La langouste rouge en Iroise
Histoire d'une reconquête
Suite à l'effondrement des stocks de pêche de la langouste rouge, les pêcheurs professionnels ont choisi de fermer à la pêche une zone de 49 km² dans la chaussée de Sein. Depuis 2009, les agents de l'OFB au parc marin, de l’Ifremer et des pêcheurs de l’île de Sein avec le comité départemental des pêches maritimes et des élevages marins du Finistère y effectuent des pêches scientifiques annuelles.
L'importance de la pêche à la langouste rouge en mer d'Iroise : historique et enjeux
La langouste rouge (Palinurus elephas), espèce emblématique des fonds rocheux en mer d'Iroise, fait partie intégrante du patrimoine local. Ce crustacé appartient à la famille des Palinuridae et peut vivre jusqu’à 35 ans. Elle est présente à des profondeurs pouvant aller jusqu’à 150 mètres.
L’espèce est largement répandue dans la Méditerranée et l’Atlantique Nord-Est, s'étendant du sud du Maroc jusqu’au nord de l’Écosse. Son corps rouge vif, ses longues antennes caractéristiques et ses pinces fines en font un crustacé facilement reconnaissable.
La langouste rouge a longtemps fait l'objet d'une pêche importante, devenue au fil du temps une activité centrale de la région. Pourtant, la pêche langoustière a connu de profondes transformations au cours du XXe et XXIe siècle, mettant en péril cette ressource précieuse.

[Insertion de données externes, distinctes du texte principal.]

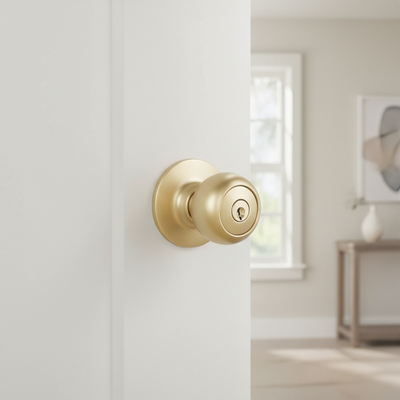 Bedford Keyed Entry Door Knob, Satin Brass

Le déclin rapide des stocks
À partir des années 1950, les débarquements diminuent drastiquement. La pêche n'étant plus rentable pour beaucoup, de nombreux pêcheurs changent de métier ou se dirigent vers d'autres zones de pêche plus au Nord ou au Sud. Certains optent pour la capture d'autres espèces locales, comme le tourteau ou la coquille Saint-Jacques, tandis que d'autres, souvent plus âgés, s'accrochent à l’activité langoustière malgré une rentabilité en déclin. Ainsi, le nombre de bateaux dédiés à la pêche de la langouste baisse progressivement, aggravé par des départs à la retraite non remplacés par les nouvelles générations.
Transition vers la pêche au filet
En 1975, un nouveau tournant survient avec l'introduction des filets dans la pêche à la langouste. Beaucoup plus efficaces que les casiers traditionnels, les filets permettent de capturer jusqu'à 80 langoustes contre seulement 7 ou 8 avec un casier. Cette transition est rapidement adoptée par la majorité des pêcheurs, qui cherchent à augmenter leur rendement. L'utilisation de filets sur plusieurs kilomètres accentue encore la pression sur les stocks.
Cependant, cette méthode s’avère bien moins sélective que les casiers. Les filets capturent à la fois de grands spécimens reproducteurs et des individus immatures, ce qui empêche le renouvellement des populations. Cette surpêche, combinée à l'absence de réglementation appropriée, entraîne une diminution drastique du stock de langoustes, plongeant l’activité dans une crise profonde.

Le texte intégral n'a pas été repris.